WHAT NEEDS TO BE DONE:
Reproduce the entire listing exactly. Leave the pictures out.
[[ GIVEN MATERIAL, beginning ]]
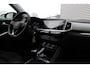 Opel Grandland 1.2 Turbo | Winterpack | Cruise control | Bluetooth | Parkeersensoren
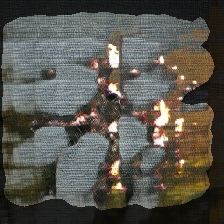 layer2-541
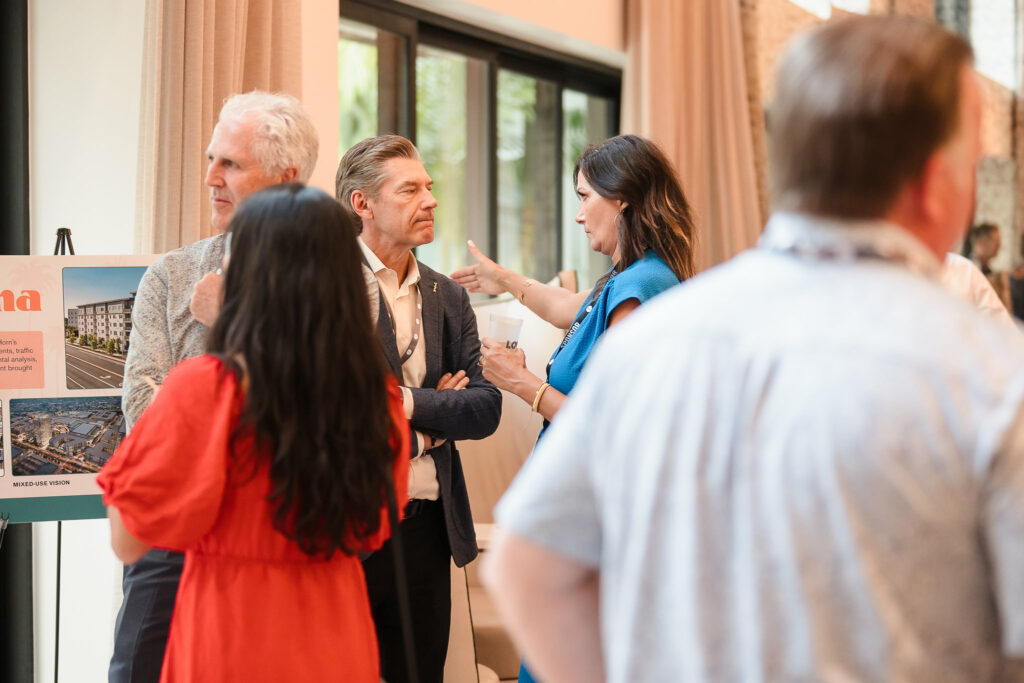 California Built08262025-124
[[ GIVEN MATERIAL, end ]]
EXERCISE SOLUTION:
 Opel Grandland 1.2 Turbo | Winterpack | Cruise control | Bluetooth | Parkeersensoren
 layer2-541
 California Built08262025-124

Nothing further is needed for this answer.